If Harken is like other Iora practices, there are typically in the neighborhood of 3,000 patients per practice (this would suggest there are roughly 30,000 patients in year one for Harken). Iora has proven they can scale quite rapidly and have demonstrated successful practices in every part of the country and in models ranging from self-pay practices paid by undocumented workers ignored by the ACA to union-based practices to employers to Medicare Advantage. Generally these sorts of models can, at least, double in reach every year. Like all exponentials, the numbers are relatively unimpressive in the early years. In a market like Chicago, that could mean a half million members in 5 years. By the time incumbents have a forceful response, it’s too late. One only need to look at newspapers — regional health systems and health plans are acting in a very similar manner to what newspapers did in the late 90’s and early 2000’s.

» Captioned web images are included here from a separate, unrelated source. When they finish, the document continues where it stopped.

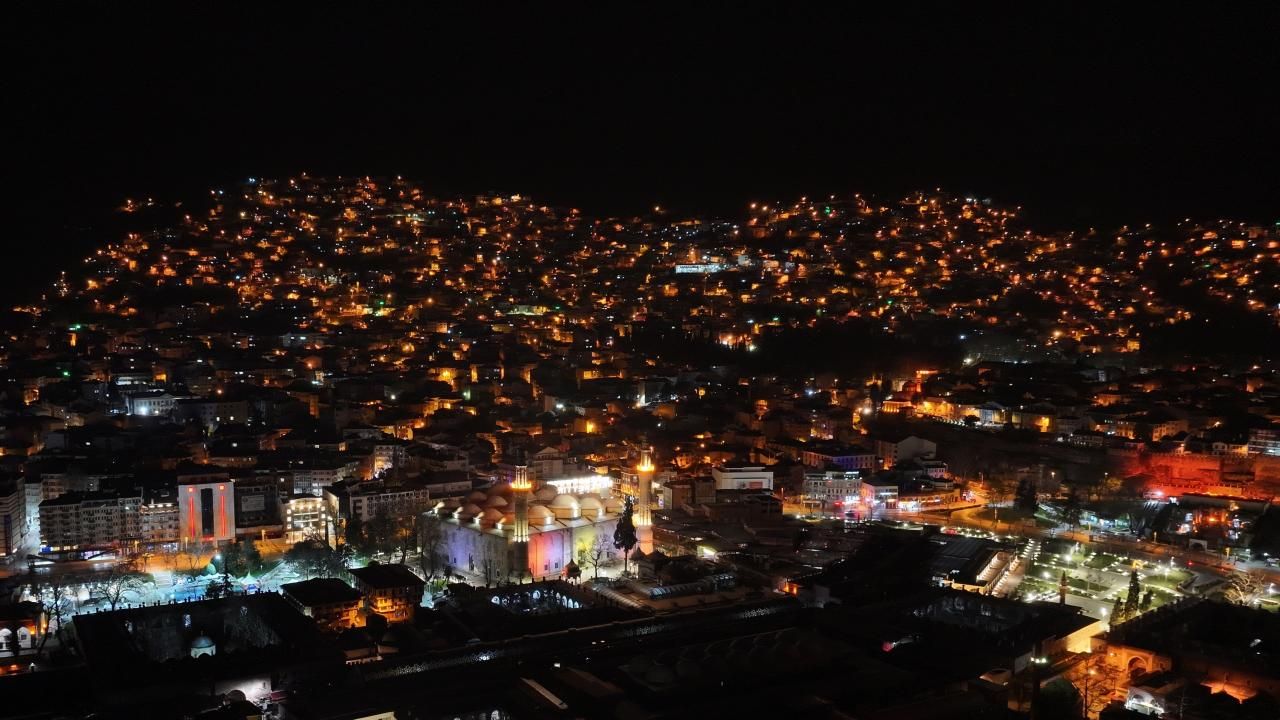 400 yıllık gelenek Ulu Cami’yi aydınlattı 3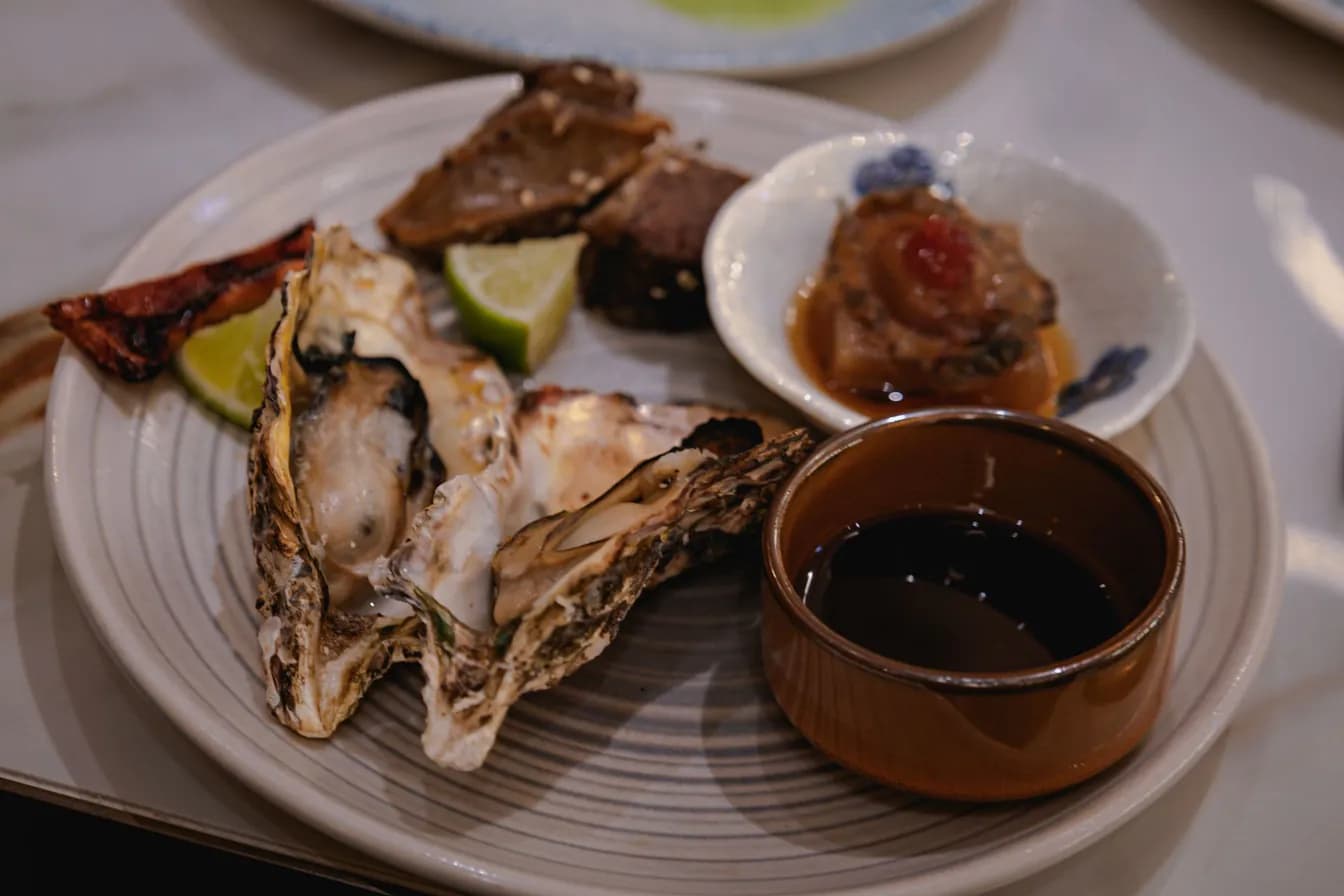Natura Oyster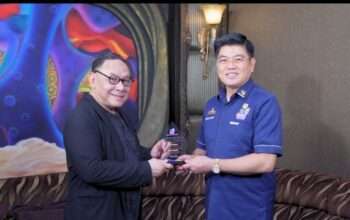 c9b81838-6885-4e05-afc4-181b582679ae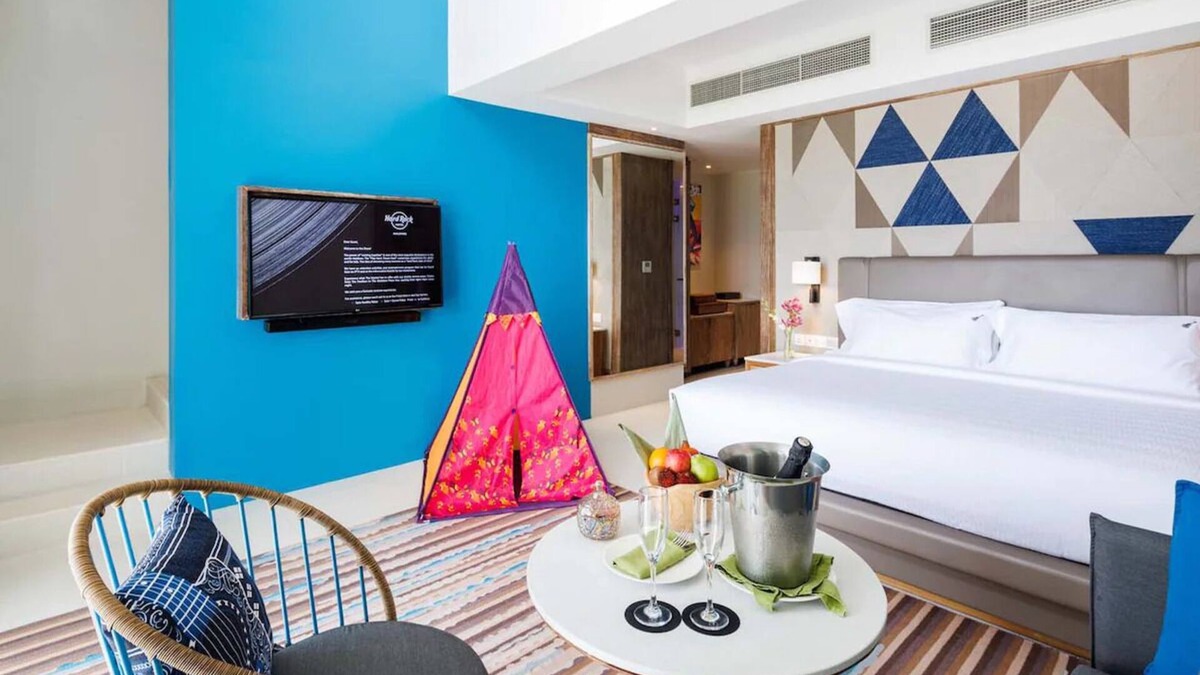 Farukolhufushi Island Hotel | Duplex in Hard Rock Maldives, Silver Family Suite, Direct Beach Access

As we’ve seen with employers such as a 500 employee manufacturer who is saving 30% per capita on health benefits, one doesn’t have to be big to make a big dent and deliver fantastic benefits to employees. In fact, the approach this small business took is having huge ramifications. Who could have imagined that the largest non-profit health system in the country would go to fully transparent prices. I know of some of the largest hospitals and health systems in active discussions (or deployment) with companies such as Iora. Force-fitting legacy fee-for-service plans may be DOA for organizations such as United but modern plans using value-based primary care are alive and well.